Turkey's president and the British prime minister on Tuesday discussed top international issues in a phone call, said the Turkish Presidential Communications Directorate on Tuesday.
Recep Tayyip Erdoğan and Boris Johnson spoke about the current tension between the U.S. and Iran and other regional and international issues, particularly Libya and Syria.
The U.S. killing last week of Qasem Soleimani, the head of Iran's Revolutionary Guards' elite Quds Force, marked a dramatic escalation in tensions between the countries, which rose after U.S. President Donald Trump chose in 2018 to unilaterally withdraw Washington from a 2015 nuclear pact world powers struck with Tehran.
Iranian Supreme Leader Ali Khamenei, who last year gave Soleimani the country's highest honor, vowed "severe retaliation" in response to his killing.

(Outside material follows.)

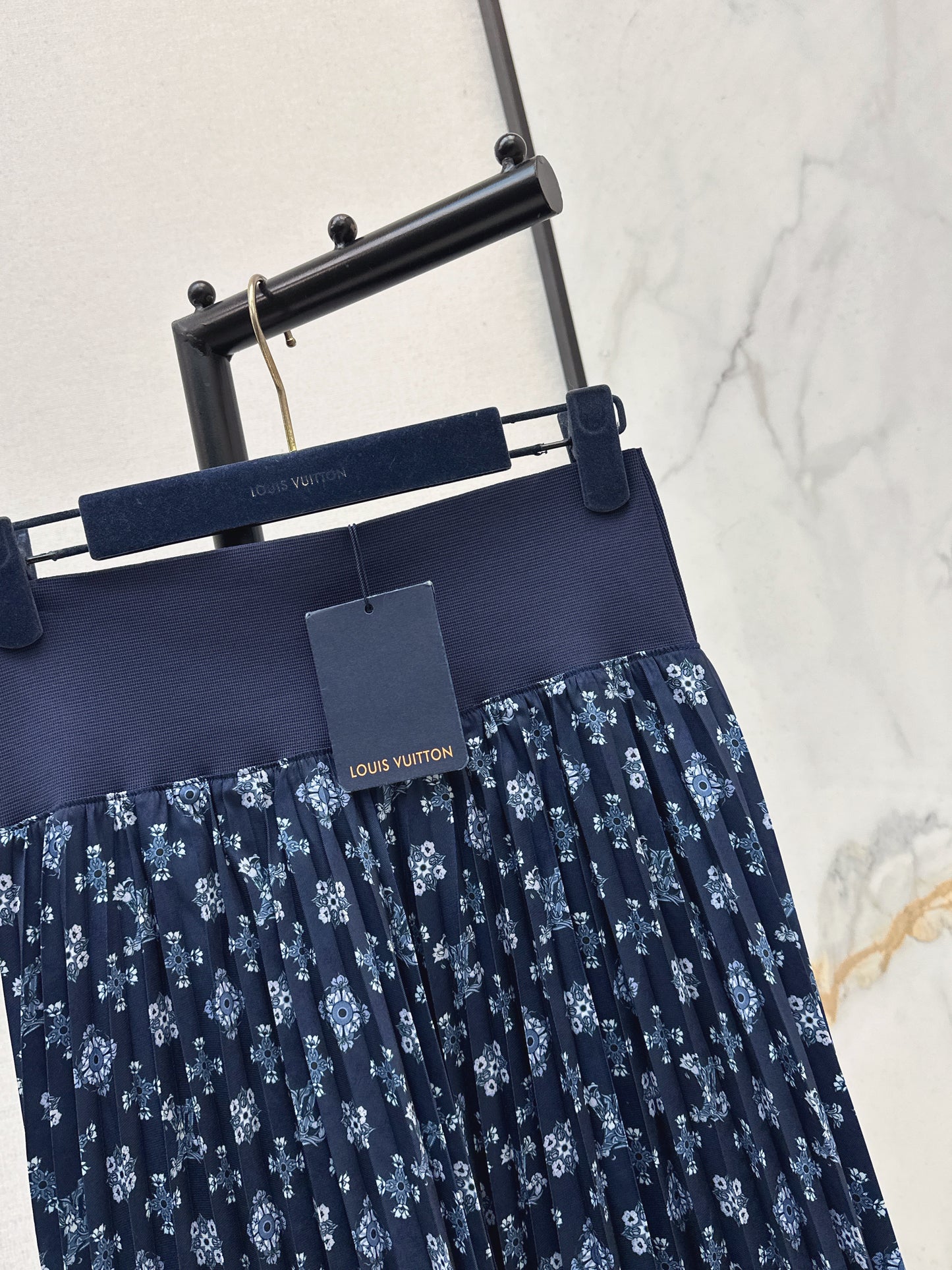 Louis NEW vintage print asymmetrical skirts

Also last week Turkey's parliament passed a motion allowing it to send troops as military aid to Libya's UN-recognized Government of National Accord (GNA), which has been besieged by forces of Khalifa Haftar, a warlord based in eastern Libya.

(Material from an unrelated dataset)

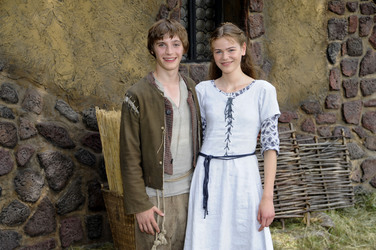 Jonas Nay, Llewellyn Reichman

Since the ouster of late leader Muammar Gaddafi in 2011, two seats of power have emerged in Libya: one in eastern Libya supported mainly by Egypt and the United Arab Emirates and the other in Tripoli, which enjoys UN and international recognition.
In Syria, continued Assad regime and Russian attacks on Idlib, northwestern Syria, are sending more refugees towards the border with Turkey, which currently hosts some 3.6 million Syrian refugees, more than any other country in the world.